Abstract
The image generated by binary computer-generated holograms (CGHs) always suffers from serious speckle noise. Thanks to the fast frame rate of the binary spatial light modulator, the speckle can be significantly suppressed by intensity accumulation, i.e., the sequential display of multiple CGHs of the same scene. If enough randomness is added to the CGHs, the speckle noise can be mostly averaged out. Intuitively, the quality of the reconstructed image should be proportional to the number of intensity accumulation. However, there is no simple method to predict the dependence of the average noise and accumulation number, and we can only know the results after finishing the full computation. In this paper, we propose an empirical formula of the average noise based on the speckle phenomenon in a laser projector.
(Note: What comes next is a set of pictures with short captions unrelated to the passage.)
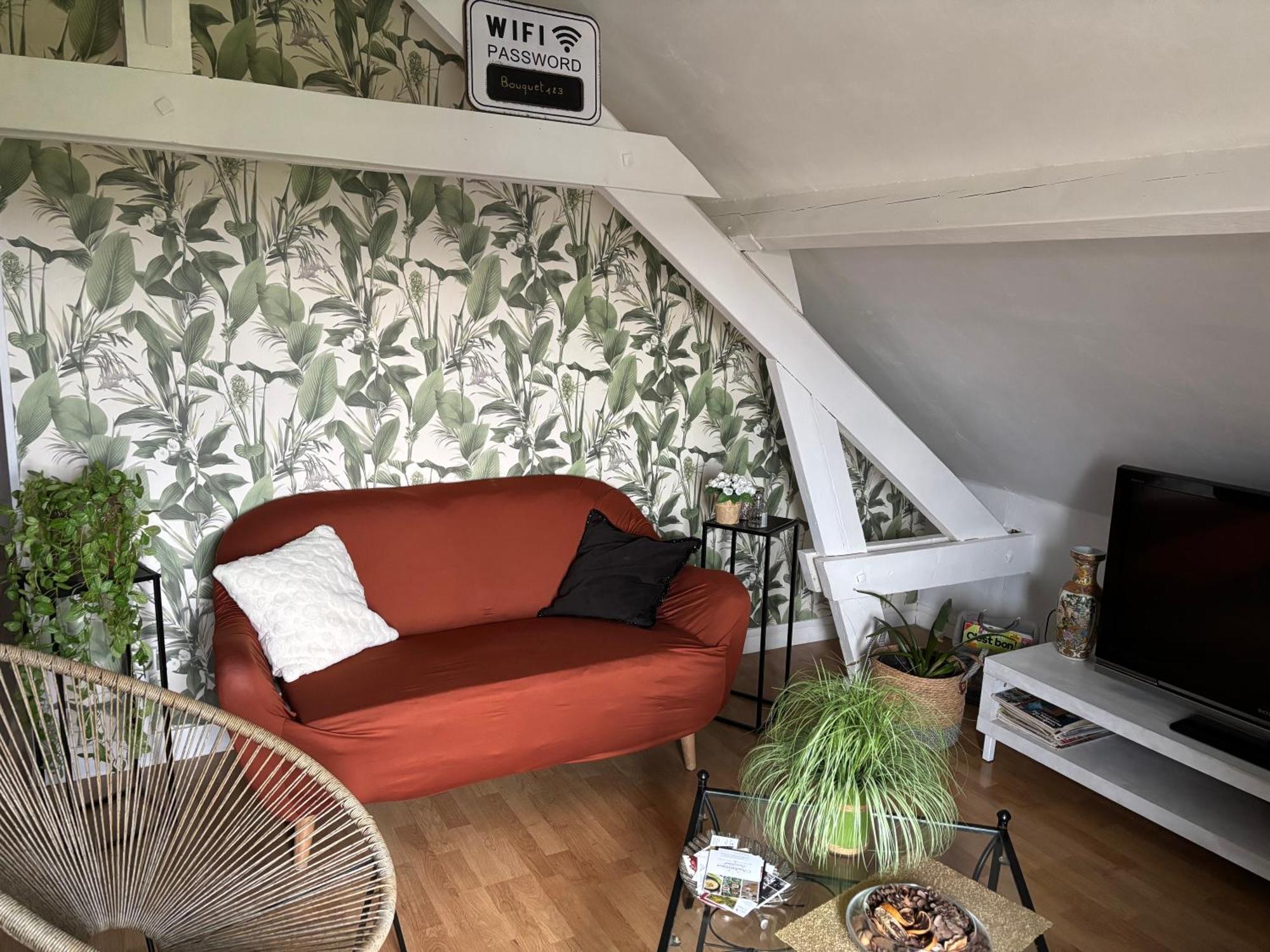 Une Ambiance Cosy Avec Jardin Privatif Nassandres Bagian luar foto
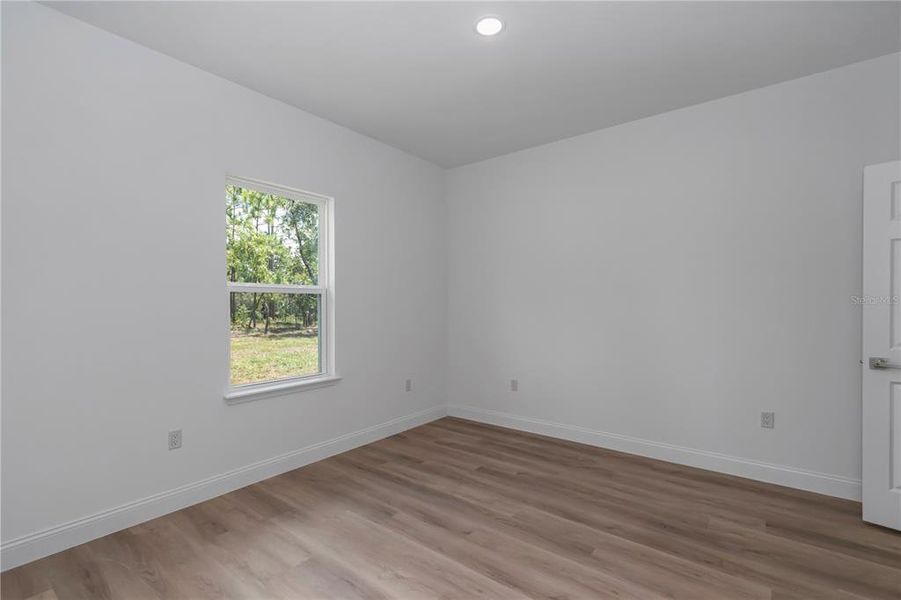Spacious, unfurnished interior of a new home in , Citrus Springs (Image 37).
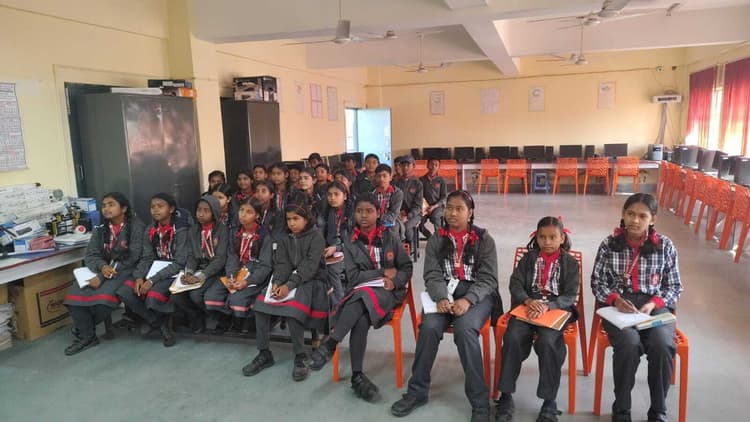 पीएम ने विद्यार्थियों को परीक्षा को उत्सव के रूप में लेने की दी प्रेरणा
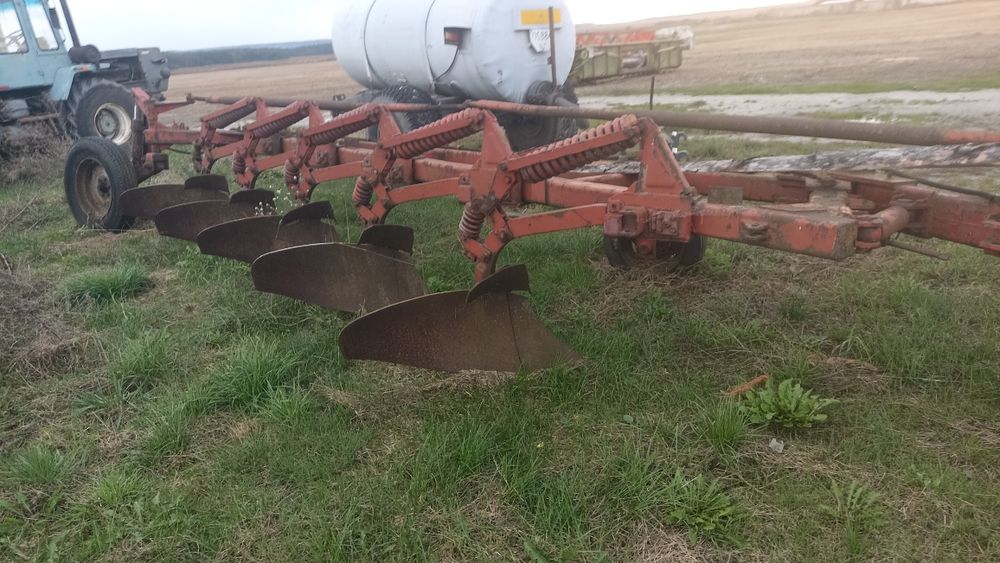 Плуг унія UNIA 5 корпусів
Using this model, we have confirmed that the randomness induced by random phase is equivalent to that induced by random down-sampling for the generation of binary CGHs. In addition, if the computational efficiency is a concern, the CGH calculated with iterations is not recommended for intensity accumulation display. Finally, there is an upper-quality limit of the reconstructed image by intensity accumulation. Thus, a strategy for efficient intensity accumulation is suggested.
Highlights
The use of a computer-generated hologram (CGH) is a promising technique for naked-eye three-dimensional (3D) display without the issue of vergence-accommodation conflict [1]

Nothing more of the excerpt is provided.